Photographic memory. Is that a superpower?
Henry: Absolutely eidetic memory is a superpower, and a fine choice at that. No more having to look up what T-Rex’s eat, or cracking open that rhyming dictionary.
If you could have three authors over for dinner, who would it be?
Marcus Samuelson because maybe he’d offer to help make dinner.
Michael Ian Black because he consistently makes me laugh.
JK Rowling because she’s pretty much awesome.
Henry: Our audience may be interested to learn that in addition to being a comedian and TV actor, Michael Ian Black also wrote several picture books, including NAKED, illustrated by Debbie Ridpath Ohi.
I didn’t recognize the name Marcus Samuelson until I saw his photo on Wikipedia, which also helpfully tells us that Marcus ‘Joar’ Samuelsson (born Kassahun ‘Joar’ Tsegie) is an Ethiopian-born, Swedish-raised chef and restaurateur. Let that sink in for a moment… Swedish… chef. *swoons*
What is your favorite creature that exists only in literature?

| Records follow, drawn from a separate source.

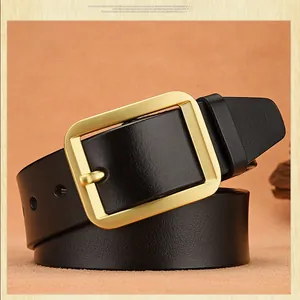 Close-up of a men's black leather belt featuring a matte gold rectangle pin buckle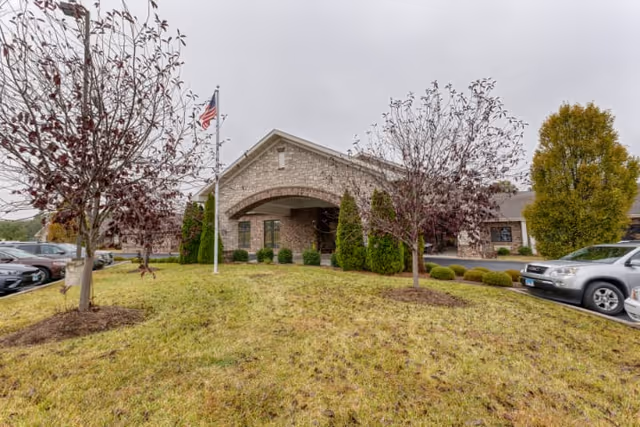 Exterior view of Cedarhurst Senior Living of Waterloo showing a single-story brick building with an arched entrance. There is a grassy area with two small trees and an American flag on a flagpole in front. Several parked cars are visible on either side of the building.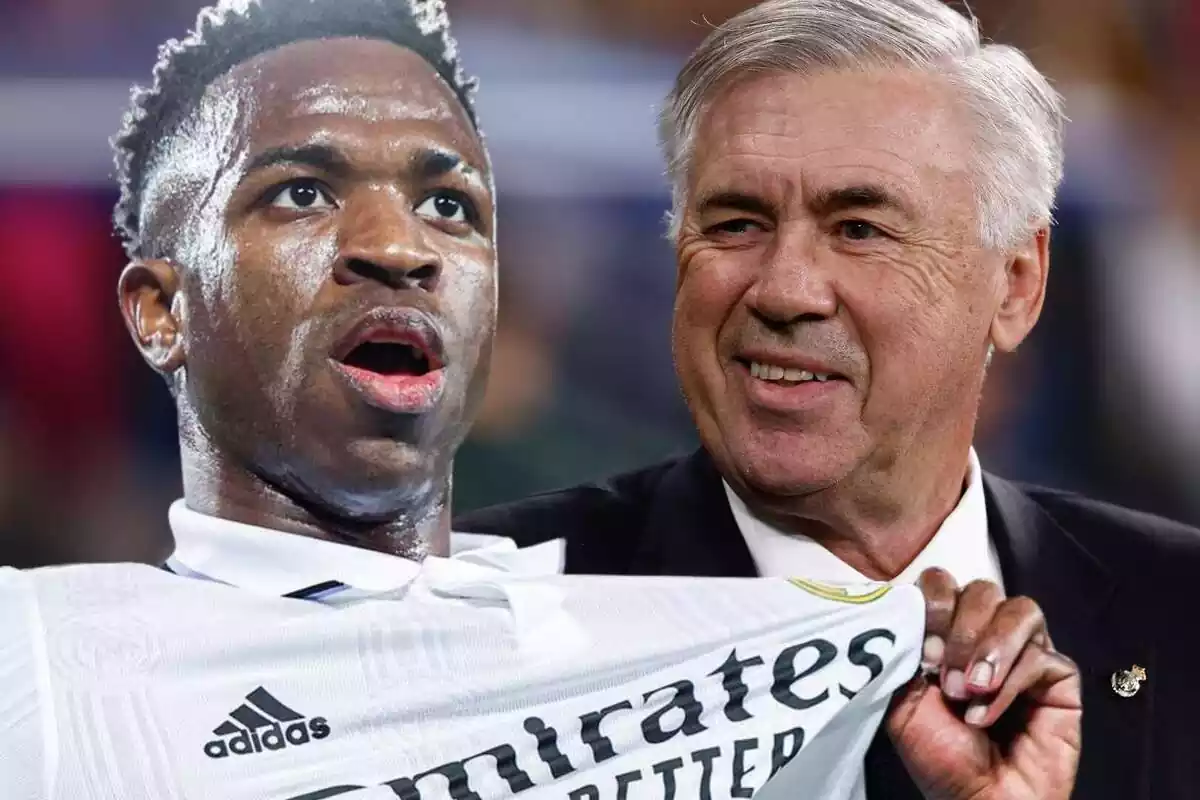 Vinícius Júnior points to the Real Madrid shield with Carlo Ancelotti at his side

Oompa Loompas. They sing, they seem pretty helpful, and they usually come with candy.
Henry: A good choice, particularly since you met some at Mo Willem’s house.

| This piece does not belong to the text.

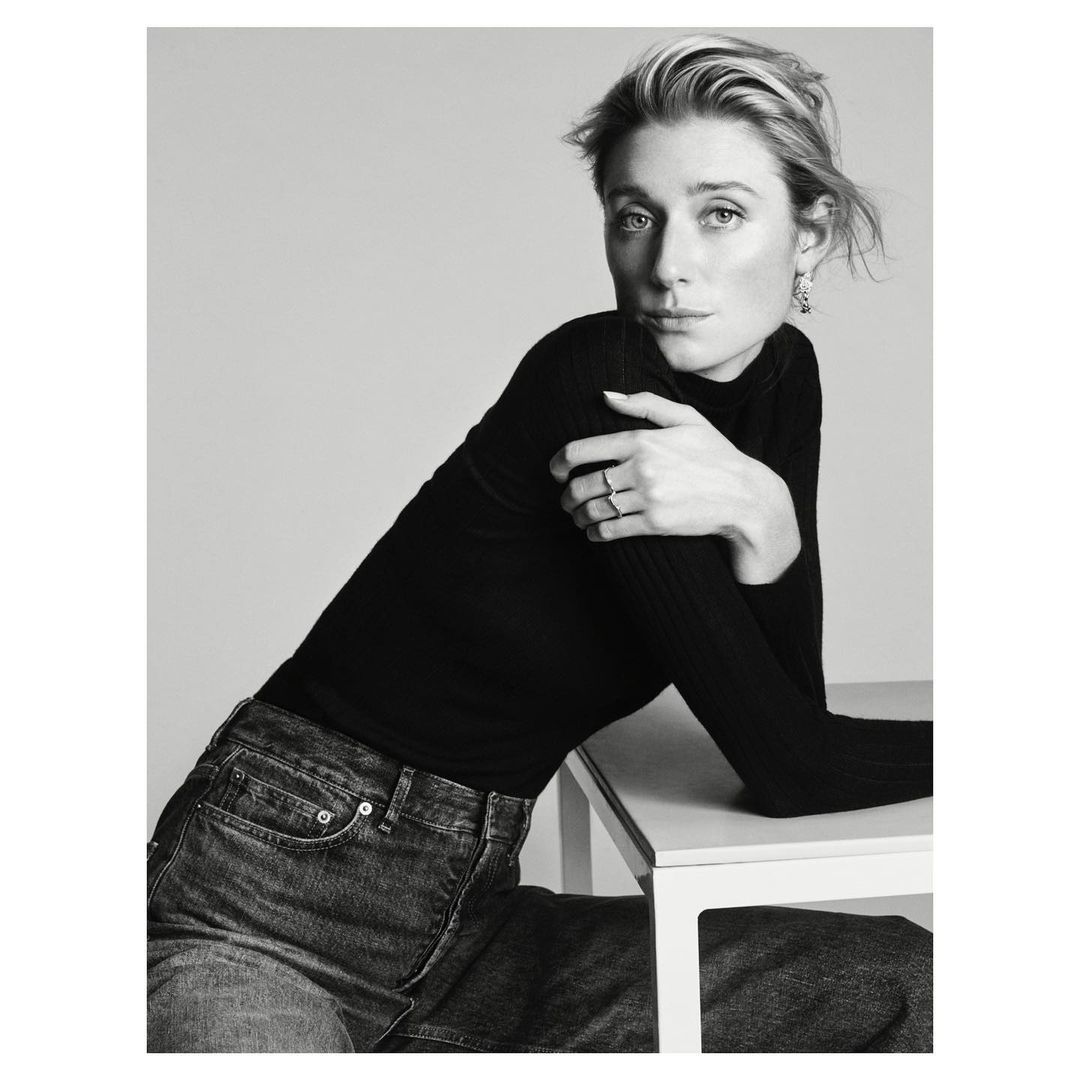 Black and white portrait of a woman in a black turtleneck and dark jeans leaning on a table by Josh Olins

What do you like to do when you’re not writing?
Read with my kids, tweet with authors and educators, watch dumb comedies, apologize for annoying my wife (sorry, honey – I love you!), and sleep.
Henry: Husbands are genetically wired to annoy their wives and embarrass their kids. It’s what we do. *drops mic*
Where can readers find your work?
LADY PANCAKE & SIR FRENCH TOAST is available in bookstores and online. You can find out more information about me at and my writing at http://www.joshfunkbooks.com and on twitter at @joshfunkbooks.
Henry: Thanks for spending time with us, Josh. I can’t wait to see PIRASAURS! This interview is also posted on the San Diego Children’s Books Examiner.